Because the poll loop takes 28 cycles, it's possible that the command finishes right after the IN instruction, so you notice the end of the command 28 cycles too late. That's why there is an explicit delay right before this poll loop. We repeat this experiment 28 times, each time with a different delay (varies between 10-37 cycles, because i couldn't find a sequence of Z80 instructions that takes exactly 9 cycles). From all these 28 experiments we take the lowest result. The turboR timer at ports E6-E7 ticks once every 14 Z80 cycles, so that's also the accuracy of this measurement (note that there's also a fixed offset because the timer and the VDP command are not started at exactly the same moment). Alex Wulms once build a hardware circuit that contains a (32-bit) timer that ticks every Z80 cycle. The combination of that timer with the algorithm above should in principle allow to measure with 1 Z80 cycles accuracy (but for the VDP that's still 6 times too slow).

I didn't get very far yet with these measurements because they take a long time and it's easy to make mistakes. And then my interests shift elsewhere.
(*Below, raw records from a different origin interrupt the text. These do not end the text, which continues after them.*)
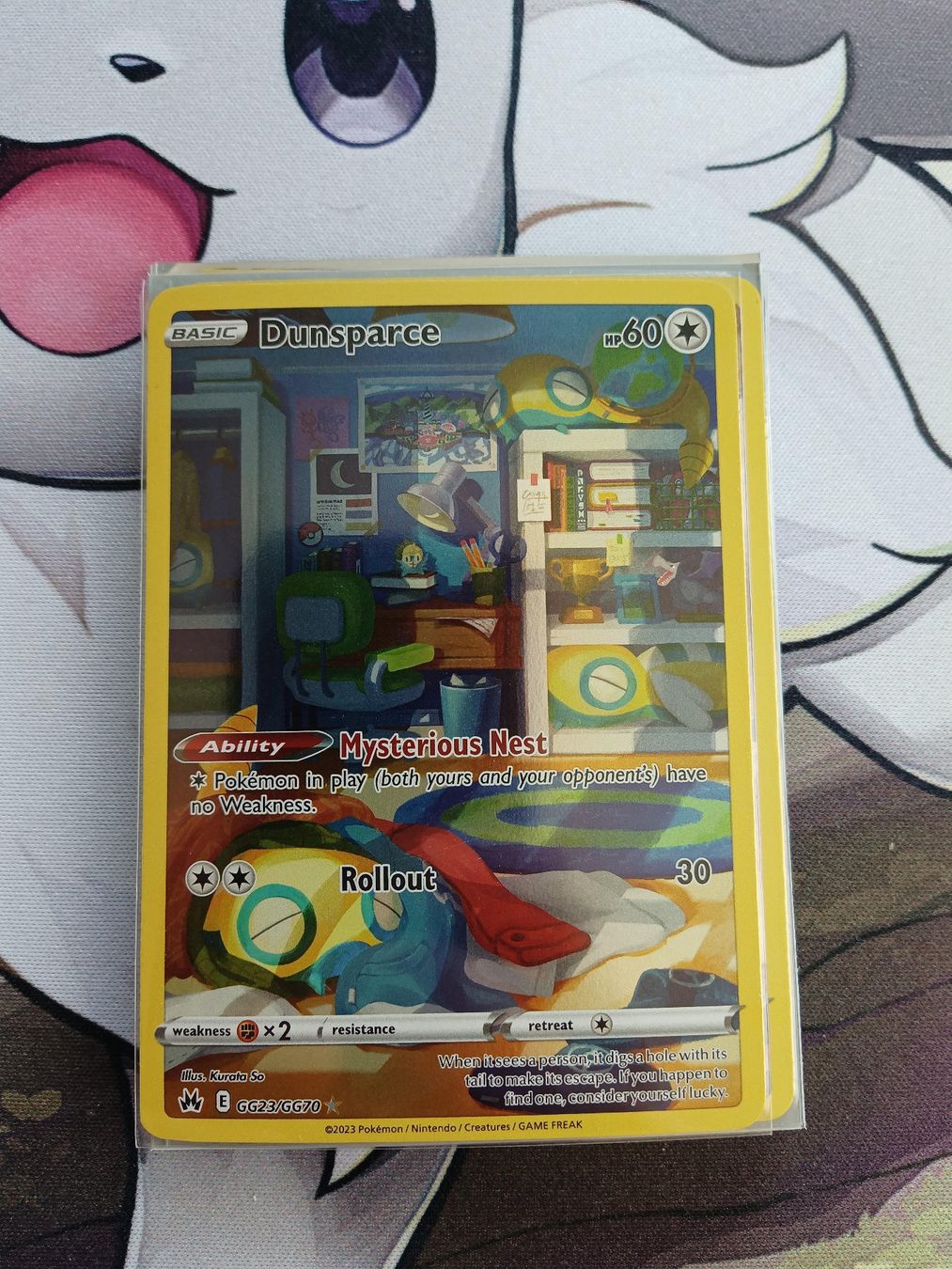 Pokémon Sammelbilder & Trading cards: Dunsparce - Gallery – Gebraucht aus Altstätten SG von GGsGameshop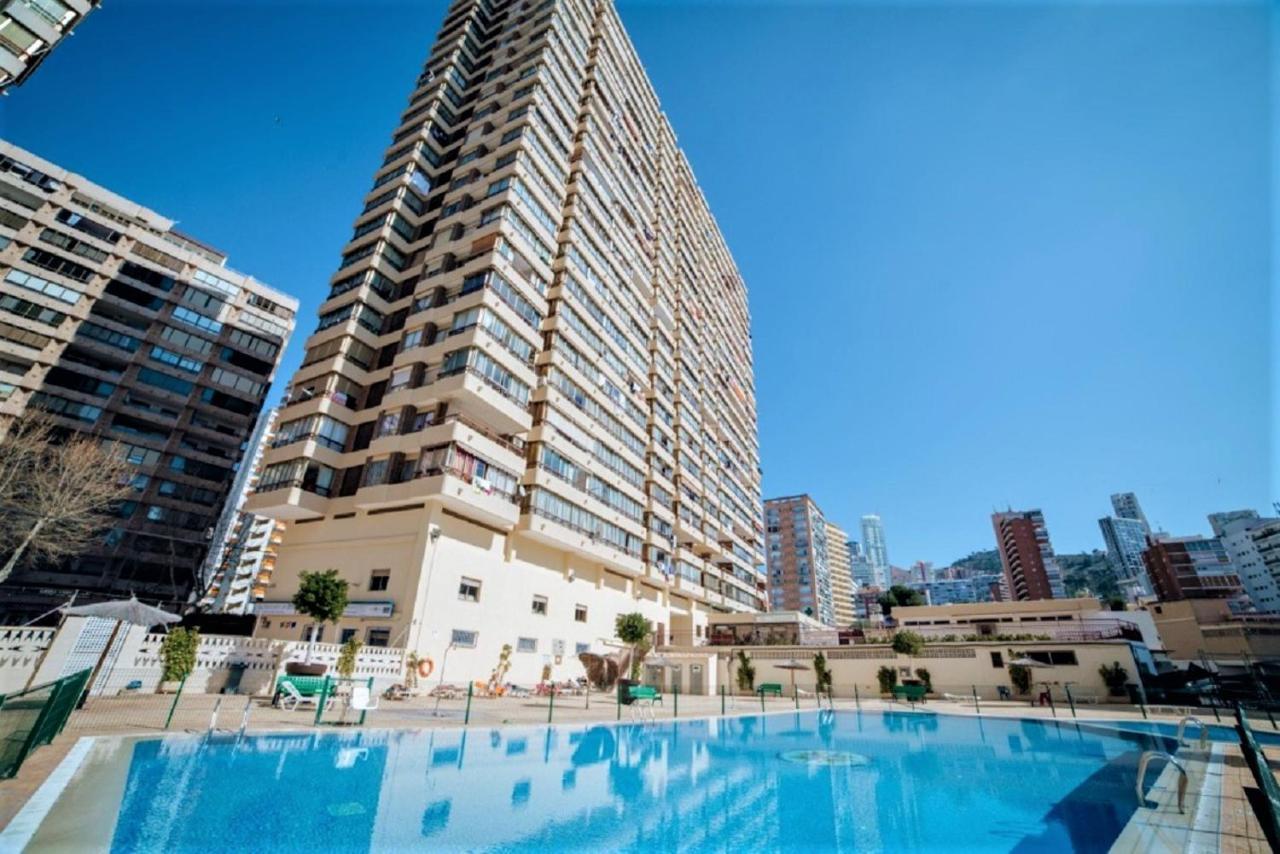 Acuarium II / 3º Lejlighed Benidorm Eksteriør billede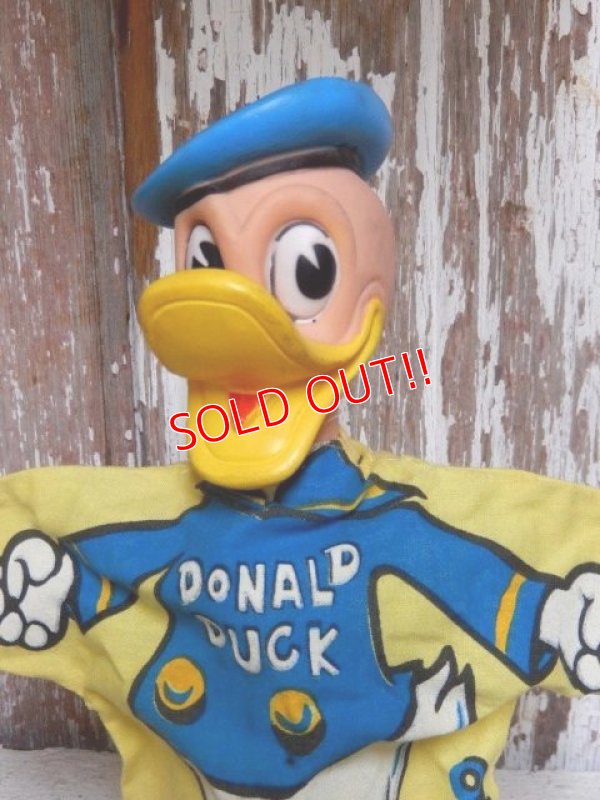 画像2: ct-150908-18 Donald Duck / Gund 50's Hand Puppet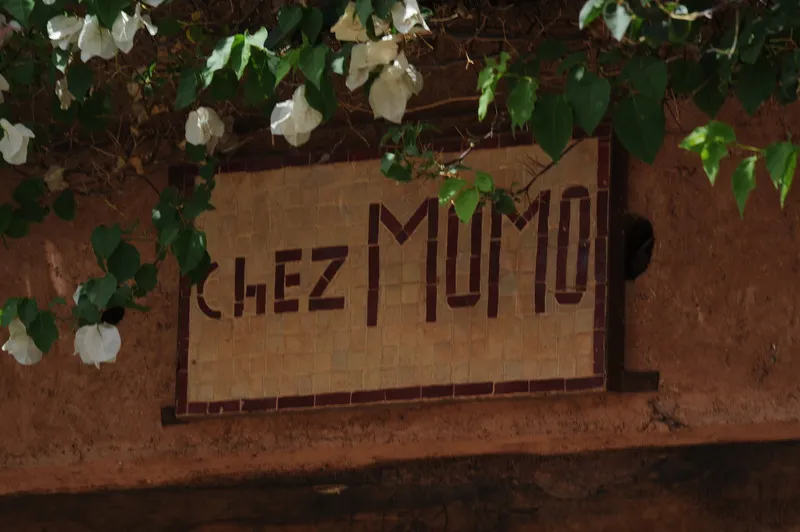 Lobby, Auberge Chez Momo II, Marrakech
As always, help would be appreciated.

*NYYRIKKI*wrote:

You should take the old pixel time you had and make new pixel time 2/3 of the original value. Then you should add X-step and Y-step pixel times that are 1/3 of the original pixel time. This gives very much same looking shape as the real computer.

Or simpler don't change the pixel time, and only add some time when there's a step in the minor-direction ;-) (The Bresenham line algorithm _always_ takes a step in the major direction).